The smell of oil was stronger outside. A sou-easter was blowing it shorewards. The wind through the she-oaks sounded like surf. Em lingered beneath the trees, hoping it was the surf, that the ocean was moving again. Maybe she would see heaving blue-green from the top of the hill. Em grew excited, but the smell was too strong, and the closer to the sea she drew the further away the surf sound became—it was just the sound of the wind in the she-oaks. Then from the corner of Campbell Parade, Bondi Bay spread black before her. Em walked down the street with her face averted, staring into the shop windows.

She passed a stout woman with fluffy hair that poked out either side of her head like muffs.

‘You’re bleeding!’ said the woman, with a mixture of concern and recrimination.

‘Sorry,’ said Em. She stood there holding her wrist, feeling awkward.

‘You’ll have to go to Cottonwool,’ the muff-head woman said. ‘They’ll fix you there.’

Em began to move away.

‘Did you know they won the election?!’ the woman said brightly.

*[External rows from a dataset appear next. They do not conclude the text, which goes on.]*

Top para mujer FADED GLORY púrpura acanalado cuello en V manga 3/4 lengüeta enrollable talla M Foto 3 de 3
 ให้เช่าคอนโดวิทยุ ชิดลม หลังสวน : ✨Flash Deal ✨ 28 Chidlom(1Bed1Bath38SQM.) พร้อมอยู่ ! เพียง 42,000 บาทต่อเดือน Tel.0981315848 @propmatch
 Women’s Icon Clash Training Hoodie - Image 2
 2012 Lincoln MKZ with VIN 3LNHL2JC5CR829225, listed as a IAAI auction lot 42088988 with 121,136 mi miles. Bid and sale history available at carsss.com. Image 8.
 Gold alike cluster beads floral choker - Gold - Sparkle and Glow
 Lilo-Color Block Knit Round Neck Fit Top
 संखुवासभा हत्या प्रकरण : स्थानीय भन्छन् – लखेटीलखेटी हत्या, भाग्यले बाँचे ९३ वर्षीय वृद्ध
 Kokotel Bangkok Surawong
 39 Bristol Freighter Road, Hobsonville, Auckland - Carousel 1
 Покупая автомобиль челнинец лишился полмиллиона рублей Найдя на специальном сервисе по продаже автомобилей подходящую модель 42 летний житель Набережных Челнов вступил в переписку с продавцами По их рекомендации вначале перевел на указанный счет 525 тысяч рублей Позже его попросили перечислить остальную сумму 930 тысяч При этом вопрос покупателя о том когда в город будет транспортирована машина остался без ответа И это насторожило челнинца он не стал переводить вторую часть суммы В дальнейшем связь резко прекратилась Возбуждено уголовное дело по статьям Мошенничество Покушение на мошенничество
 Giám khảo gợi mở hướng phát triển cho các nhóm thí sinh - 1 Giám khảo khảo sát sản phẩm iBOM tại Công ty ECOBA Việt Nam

Em crossed the road to get away from the shops and people. It was true that she had begun to bleed much more profusely. She was leaving a red trail all along Queen Elizabeth Drive. The ocean heaved beneath its thick coat of oil. Closer to shore it was a flat mass pimpled by the carcasses of fish and birds. Why had she come down here anyway? She could not wash her wrist in that black sea, and the showers had long been turned off. And it stank.

She walked past a brown park. A hippy was there, singing to her crystals. She looked over at Em with violet, crazed eyes.

She said, ‘You’re bleeding, aren’t you love?’ Em ignored her, and kept walking. ‘You’ll end up in Cottonwool,’ the woman called after her. ‘We all will.’

Em walked faster.

Em headed up to Ben Buckler; passed a man pissing on the Aboriginal rock carvings. He grinned at her and waved his dick around.

‘They won!’ he crowed. ‘Hooray!’

Em kept walking. West now.

There was a spot here, on the other side of the Junction, far enough away from Cottonwool, where she could set up her plate and busk. There was a pub nearby where she could sneak into the toilet and wash and rebind her wrist during breaks. The passers-by were reasonably sympathetic. She could earn 20 dollars a day if she were lucky.

But when she reached the bottom of the hill she noticed that everything had changed. The new development was complete. Everything was white, everybody was white, everybody had blonde hair. Everything was soft and muffled and clean.

Em was determined. She set up her plate and put on her shoes. She stepped onto the plate and began to dance. She tapped her shoes this way and that, but no sound came. She sang, and from her mouth issued silence. There was a softness, a thickness, a sickly sweetness in the air. It wrapped around her like a poultice, descended into the depths of her lungs. She couldn’t breathe. She saw that she had stopped bleeding. She felt nothing.

Adapted for performance by Barbara Campbell from a story by Fiona McGregor.